▶ [TASK DETAILS]:
Images should be left out, and everything else in the listing reproduced exactly.

▶ [SUPPLIED MATERIAL]:
◆ ◆ ◆ ◆
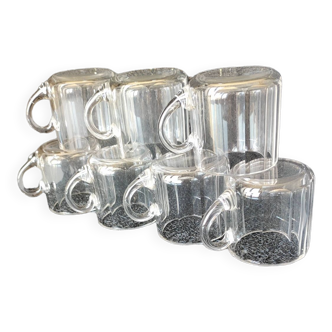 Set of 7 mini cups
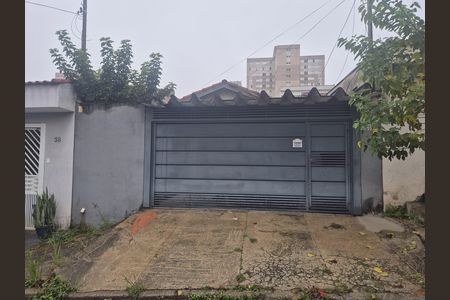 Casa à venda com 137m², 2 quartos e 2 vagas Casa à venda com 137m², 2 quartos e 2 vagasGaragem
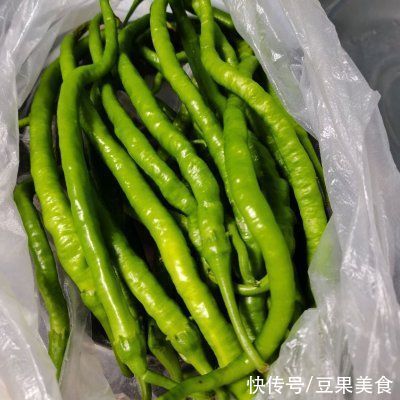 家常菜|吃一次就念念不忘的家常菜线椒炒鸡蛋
◆ ◆ ◆ ◆
▶ [YOUR SOLUTION]:
 Set of 7 mini cups
 Casa à venda com 137m², 2 quartos e 2 vagas Casa à venda com 137m², 2 quartos e 2 vagasGaragem
 家常菜|吃一次就念念不忘的家常菜线椒炒鸡蛋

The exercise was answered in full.